++++ Data listing ++++

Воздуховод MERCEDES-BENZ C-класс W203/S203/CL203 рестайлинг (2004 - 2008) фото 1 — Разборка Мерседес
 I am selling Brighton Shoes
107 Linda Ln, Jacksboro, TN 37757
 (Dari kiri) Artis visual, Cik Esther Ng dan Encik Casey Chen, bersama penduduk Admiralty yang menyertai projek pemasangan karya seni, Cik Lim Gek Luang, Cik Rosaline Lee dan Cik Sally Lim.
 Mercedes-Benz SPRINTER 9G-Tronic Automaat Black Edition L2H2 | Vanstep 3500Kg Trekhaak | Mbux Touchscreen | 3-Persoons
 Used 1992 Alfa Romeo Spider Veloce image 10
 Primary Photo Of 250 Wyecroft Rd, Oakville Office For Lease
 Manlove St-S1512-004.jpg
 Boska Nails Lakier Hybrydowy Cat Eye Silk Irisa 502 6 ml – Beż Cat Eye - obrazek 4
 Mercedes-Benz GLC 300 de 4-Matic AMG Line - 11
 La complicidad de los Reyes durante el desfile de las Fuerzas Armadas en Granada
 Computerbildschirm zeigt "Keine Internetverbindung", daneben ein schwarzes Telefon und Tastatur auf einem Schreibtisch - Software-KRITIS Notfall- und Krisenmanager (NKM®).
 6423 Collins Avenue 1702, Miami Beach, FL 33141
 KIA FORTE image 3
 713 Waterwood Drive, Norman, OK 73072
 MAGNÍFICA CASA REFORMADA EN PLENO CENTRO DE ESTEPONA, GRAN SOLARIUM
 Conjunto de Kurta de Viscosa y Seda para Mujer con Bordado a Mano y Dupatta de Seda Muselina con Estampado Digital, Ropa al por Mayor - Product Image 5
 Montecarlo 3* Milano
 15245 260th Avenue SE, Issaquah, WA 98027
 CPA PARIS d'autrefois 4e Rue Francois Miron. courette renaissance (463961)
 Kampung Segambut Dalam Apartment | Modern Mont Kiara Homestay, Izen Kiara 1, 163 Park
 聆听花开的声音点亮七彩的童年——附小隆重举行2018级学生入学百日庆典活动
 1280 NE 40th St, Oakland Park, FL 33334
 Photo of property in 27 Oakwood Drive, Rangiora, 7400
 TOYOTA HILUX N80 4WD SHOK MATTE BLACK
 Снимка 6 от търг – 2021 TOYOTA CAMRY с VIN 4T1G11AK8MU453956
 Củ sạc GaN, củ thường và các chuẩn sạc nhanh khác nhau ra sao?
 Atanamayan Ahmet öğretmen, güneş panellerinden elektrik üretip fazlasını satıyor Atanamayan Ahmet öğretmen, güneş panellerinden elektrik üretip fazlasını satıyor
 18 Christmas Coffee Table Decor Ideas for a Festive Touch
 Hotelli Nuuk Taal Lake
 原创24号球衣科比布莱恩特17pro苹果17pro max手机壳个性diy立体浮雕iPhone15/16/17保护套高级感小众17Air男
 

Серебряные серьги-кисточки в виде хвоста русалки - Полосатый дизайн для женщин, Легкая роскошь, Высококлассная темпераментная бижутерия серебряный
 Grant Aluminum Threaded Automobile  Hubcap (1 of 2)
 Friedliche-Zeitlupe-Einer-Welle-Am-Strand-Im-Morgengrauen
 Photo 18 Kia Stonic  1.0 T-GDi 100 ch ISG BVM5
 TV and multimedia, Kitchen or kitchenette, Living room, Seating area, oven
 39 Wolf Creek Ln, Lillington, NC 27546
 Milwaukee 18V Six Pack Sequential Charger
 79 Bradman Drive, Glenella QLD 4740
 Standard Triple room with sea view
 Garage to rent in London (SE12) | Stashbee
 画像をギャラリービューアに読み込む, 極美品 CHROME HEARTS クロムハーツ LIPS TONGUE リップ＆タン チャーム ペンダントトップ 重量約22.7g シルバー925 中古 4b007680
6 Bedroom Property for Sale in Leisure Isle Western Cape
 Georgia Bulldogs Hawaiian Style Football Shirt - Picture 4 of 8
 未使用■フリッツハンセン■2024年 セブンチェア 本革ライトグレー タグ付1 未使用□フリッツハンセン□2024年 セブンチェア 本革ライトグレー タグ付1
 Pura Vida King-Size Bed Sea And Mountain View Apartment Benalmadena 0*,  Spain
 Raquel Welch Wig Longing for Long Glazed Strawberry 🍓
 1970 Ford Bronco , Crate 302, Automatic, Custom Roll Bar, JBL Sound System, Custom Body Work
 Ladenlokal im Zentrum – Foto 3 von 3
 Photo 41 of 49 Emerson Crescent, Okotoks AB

++++

What the exercise asks:
Every line containing the string "Photo" should be pulled from the listing and copied.

Solution for this task:
 Primary Photo Of 250 Wyecroft Rd, Oakville Office For Lease
 Photo of property in 27 Oakwood Drive, Rangiora, 7400
 Photo 18 Kia Stonic  1.0 T-GDi 100 ch ISG BVM5
 Photo 41 of 49 Emerson Crescent, Okotoks AB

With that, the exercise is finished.